水島製作所ではEV用バッテリーパックの火災が発生

アウトランダーPHEV
2013年3月27日発表

 三菱自動車工業は3月27日、プラグインハイブリッド(PHV)「アウトランダー PHEV」に搭載するリチウムイオン電池から発熱し、電池セルと駆動用バッテリーパックの一部が溶損する事象が1件発生したと発表した。

 また、同社の水島製作所(岡山県倉敷市)内にある電気自動車(EV)用バッテリーパック組立工場において、3月18日にバッテリーパック1個の火災があったことを明らかにした。
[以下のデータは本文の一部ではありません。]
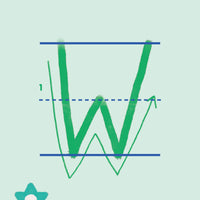 Alphabet Flashcards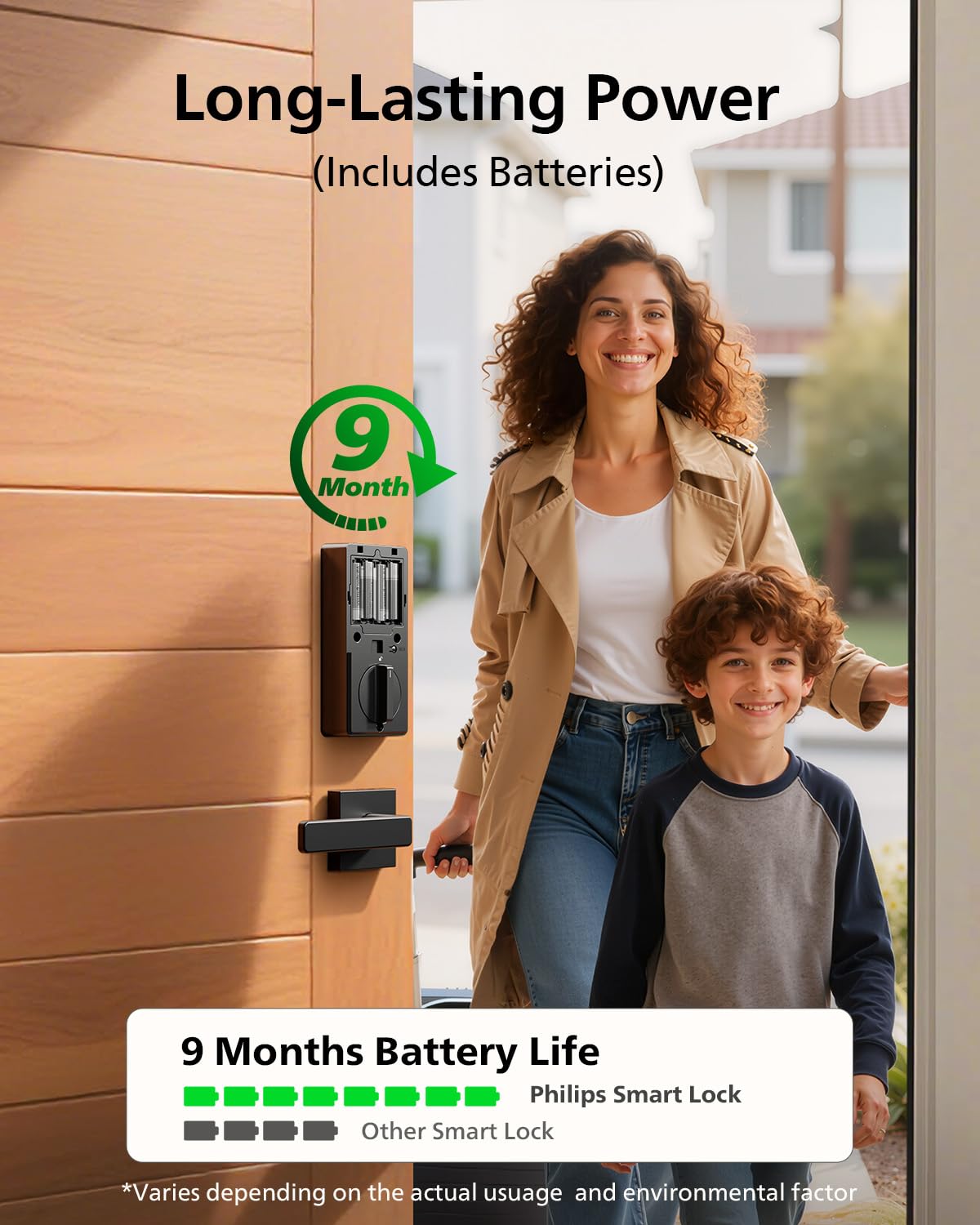 Philips Wi-Fi Smart Door Lock, Fingerprint Door Lock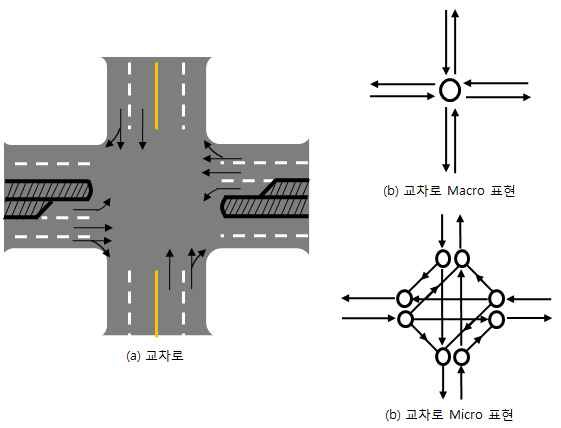 교차로 네트워크의 표현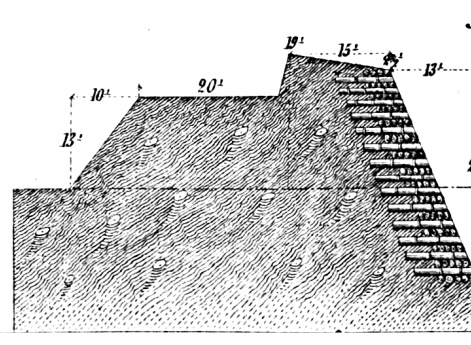 Способы укрепления. Изобр.17. Черноярск 1742 год (проект)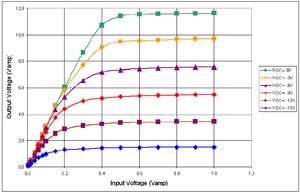 PSPL5868-Datasheet--910076-13-N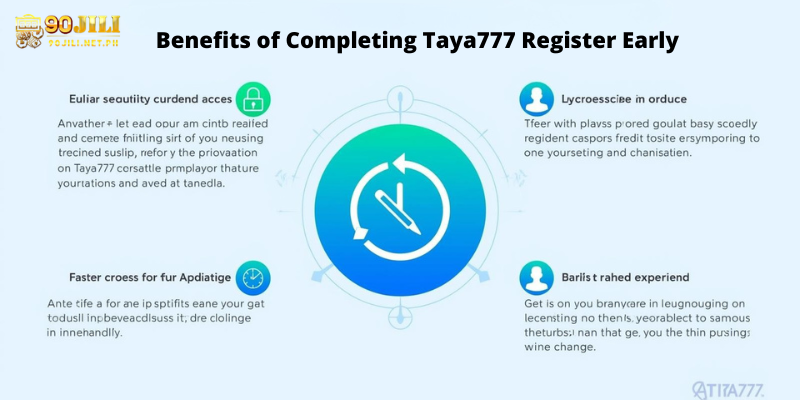 Benefits of Completing Taya777 Register Early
外部充電およびチャージモードによる利用を控えるよう呼びかけ

 アウトランダー PHEVの不具合については、「今回のバッテリー溶損は、販売会社にて登録前に発生した事象です。なお、本件以外で3月21日現在まで溶損及び火災に至る事象は発生しておりません」としているが、原因究明が終わるまでは外部充電およびチャージモードによる利用を控えるよう呼びかけている。

 以下、リリースの原文を記載する。

1.発生状況
3月20日当社販売会社において、登録前の在庫車両を納車準備の為、普通充電にて満充電し、翌3月21日まで放置したのち、車両を移動させようとしたところ、当該車両が動かず車両周りで異臭がしたため、車両下回りを確認した結果、駆動用バッテリーパックの一部に溶損跡がみられました。
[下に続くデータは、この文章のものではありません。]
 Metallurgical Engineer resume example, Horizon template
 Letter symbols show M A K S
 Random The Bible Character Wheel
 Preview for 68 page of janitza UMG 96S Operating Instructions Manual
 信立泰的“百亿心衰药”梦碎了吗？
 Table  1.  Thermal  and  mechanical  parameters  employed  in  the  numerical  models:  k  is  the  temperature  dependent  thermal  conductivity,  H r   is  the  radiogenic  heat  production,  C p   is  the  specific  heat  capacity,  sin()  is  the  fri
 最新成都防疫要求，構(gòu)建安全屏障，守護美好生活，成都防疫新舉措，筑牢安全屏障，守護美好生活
溶損したバッテリーの現物をバッテリーサプライヤーにて確認したところ、搭載されている80セルの電池のうち一つのセルが何らかの原因で過熱し、周辺セルが溶損していました。溶損の範囲は、バッテリーパックの中では80セルを3ブロックに分け配置しているうちの、1ブロックのみに溶損跡がみられました。

2.被害状況
本事象に関係したケガや店舗建屋の損傷などはありませんでした。また、車両についても3.項に記載のバッテリーパックの溶損を除き、車体には損傷はありませんでした。

3.原因究明状況
当該バッテリーについては、バッテリーサプライヤーへ搬入し、サプライヤーと共同で原因究明に全力をあげておりますが、溶損の原因として、電池サプライヤーの電池製造ラインにおける、不具合の可能性があり、確認・調査を進めております。
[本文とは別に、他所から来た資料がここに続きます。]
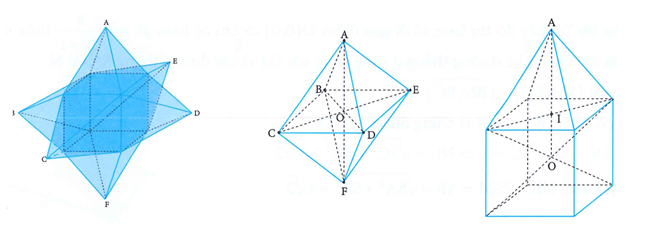 Người ta tạo một quả cầu gai bằng cách dựng ra phía ngoài mỗi mặt của hình lập phương (cạnh bằng 1) một hình chóp tứ giác đều đáy là mặt hình lập phương (các hình chóp tứ giác đều là bằng nhau). Gọi  là đỉnh của mỗi hình chóp đều, và thể tích khối đa diện   bằng  . Tính thể tích của khối cầu gai đó. (ảnh 2)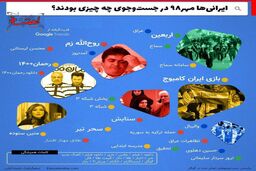 ایرانی ها در یک ماه اخیر بیشتر چه مواردی را در گوگل جستجو کردند
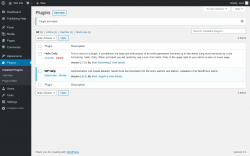 Page screenshot: Plugins ‹ Test site — WordPress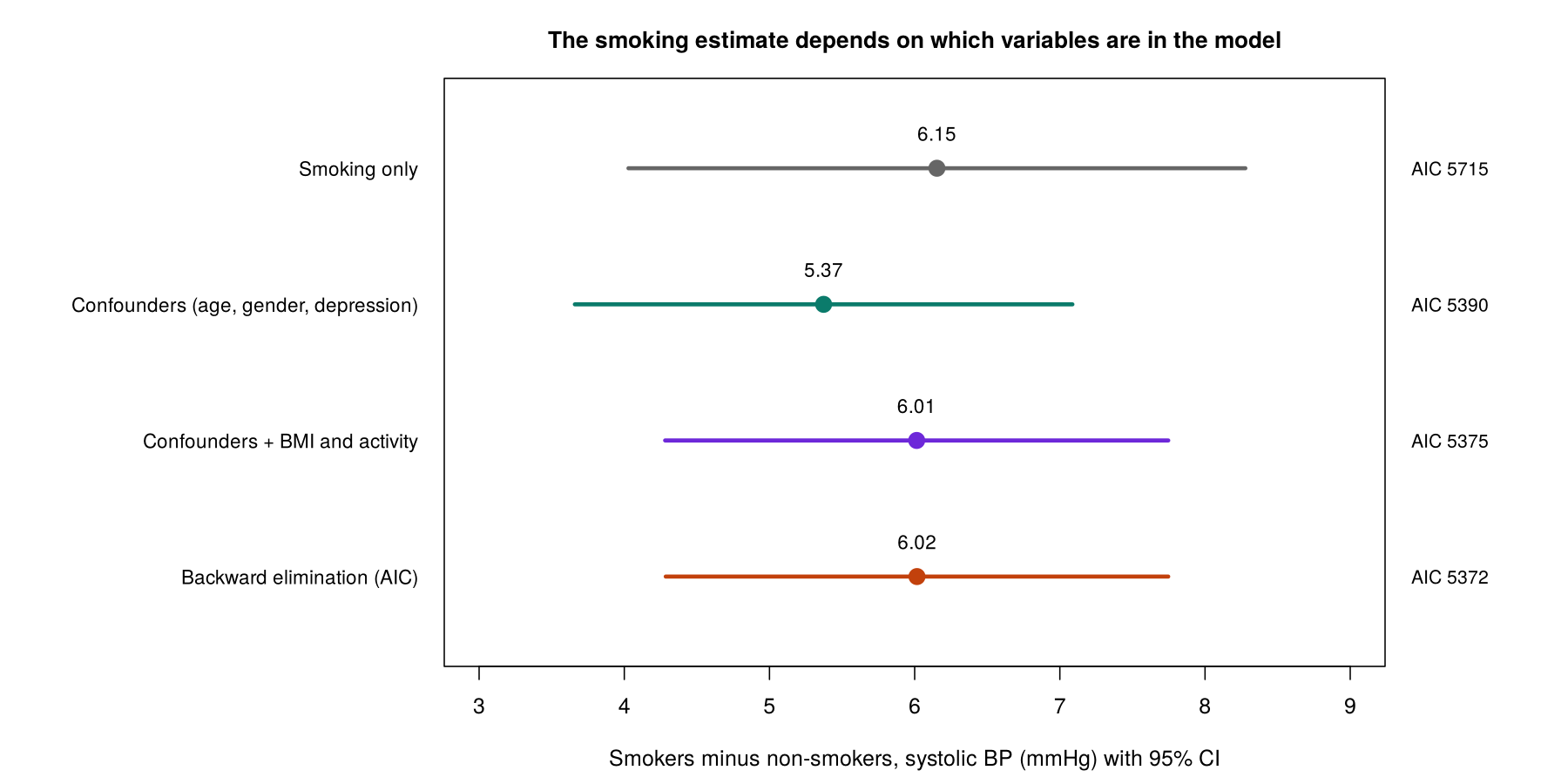 Smoking estimates from four models with 95% confidence intervals: smoking only 6.15, confounders 5.37, confounders plus BMI and physical activity 6.01, backward elimination 6.02.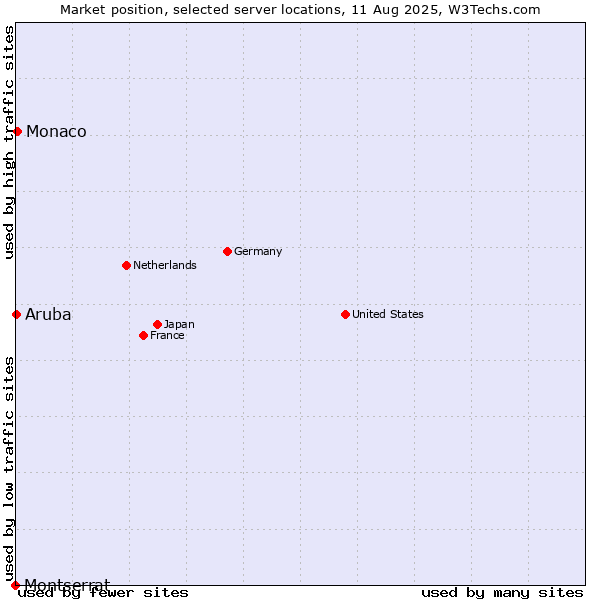 Market position of Monaco vs. Aruba vs. Montserrat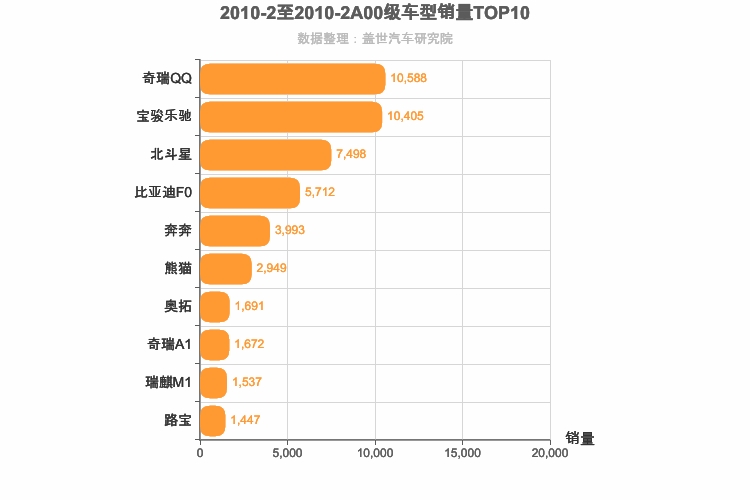 2010年2月A00级轿车销量排行榜
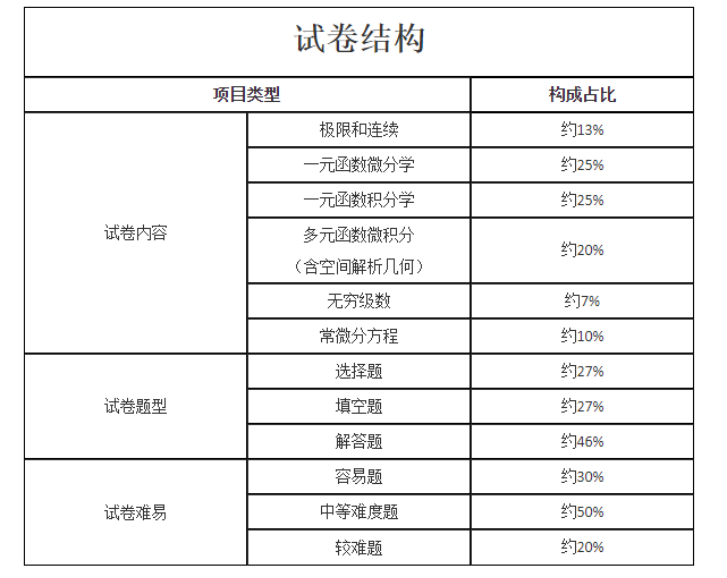 2023年湖南成考专升本考试大纲(图6)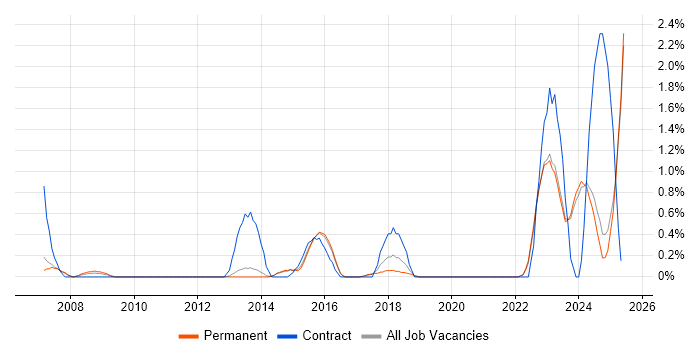 Job vacancy trend for Metadata in Staffordshire Job vacancy trend for Metadata in Staffordshire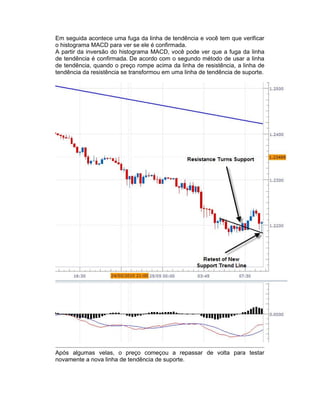 Em seguida acontece uma fuga da linha de tendência e você tem que verificar
o histograma MACD para ver se ele é confirmada.
A partir da inversão do histograma MACD, você pode ver que a fuga da linha
de tendência é confirmada. De acordo com o segundo método de usar a linha
de tendência, quando o preço rompe acima da linha de resistência, a linha de
tendência da resistência se transformou em uma linha de tendência de suporte.
Após algumas velas, o preço começou a repassar de volta para testar
novamente a nova linha de tendência de suporte.
 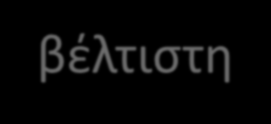 Το πρόβλημα της Επιπλοξύλ Η πραγματικότητα... Είναι η λύση εφαρμόσιμη?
今回のバッテリー溶損は、販売会社にて登録前に発生した事象です。なお、本件以外で3月21日現在まで溶損及び火災に至る事象は発生しておりません。

4.現在のお使いのお客様へ
今回の溶損は、最初の満充電後放置している間に発生しました。現在、原因究明活動を鋭意進めておりますが、今回の事象を踏まえ、原因究明が終わるまでは、外部充電及びチャージモードによるご利用はお控え下さい。

なお、販売会社よりお客様にご連絡させて頂きますので、個別にご使用方法などにつき、ご相談させて頂きます。

水島製作所ではEV用バッテリーパック1個から発火

 水島製作所でのEV用バッテリーパックの火災は、3月18日に発生。

 充電中だった「i-MiEV」用16kWhバッテリーパック(リチウムイオン電池)1個が過熱し発煙、約1時間後に発火したと言う。原因についてはサプライヤーのバッテリー製造ラインにおいて工程変更があり、これに関連して発生した不具合の可能性があるとしており、サプライヤーと共同で確認調査を行っていると言う。

 以下、リリースの原文を記載する。

1.発生状況
水島製作所のEV用バッテリーパック組立工場バッテリー検査室で3月18日午後8時15分ごろ、完成品検査のため充放電検査装置に接続され充電中だった『i-MiEV』用16kWhバッテリーパック(リチウムイオン電池)1個が過熱し発煙、約1時間後に発火にいたりました。地元消防署に通報しご協力を頂いた上で消火活動を行い、同日午後9時53分ごろ、鎮火しました。

2.当社の被害
関係者の怪我等はありませんでした。また、バッテリーパック1個および、充放電設備のケーブルを焼損したものの、工場建屋や設備本体への被害はありませんでした。ただし、消防署のご指示により、充放電検査装置5基のうち火災に関連する1基を停止中です。

3.原因
サプライヤーのバッテリー製造ラインにおいて工程変更があり、これに関連して発生した不具合の可能性があり、サプライヤーと共同で確認調査を進めております。なお、同工程変更が反映された同サプライヤー電池を搭載した車両は、国内向けに68台(特定法人向け)、補用品として45台を出荷しております。

4.今後の対応
現在、原因究明を進めております。

対象車両を出荷した特定法人に対しては、状況説明並びに車両チェックなど、対応させていただきます。補用品についても使用状況の確認を行います。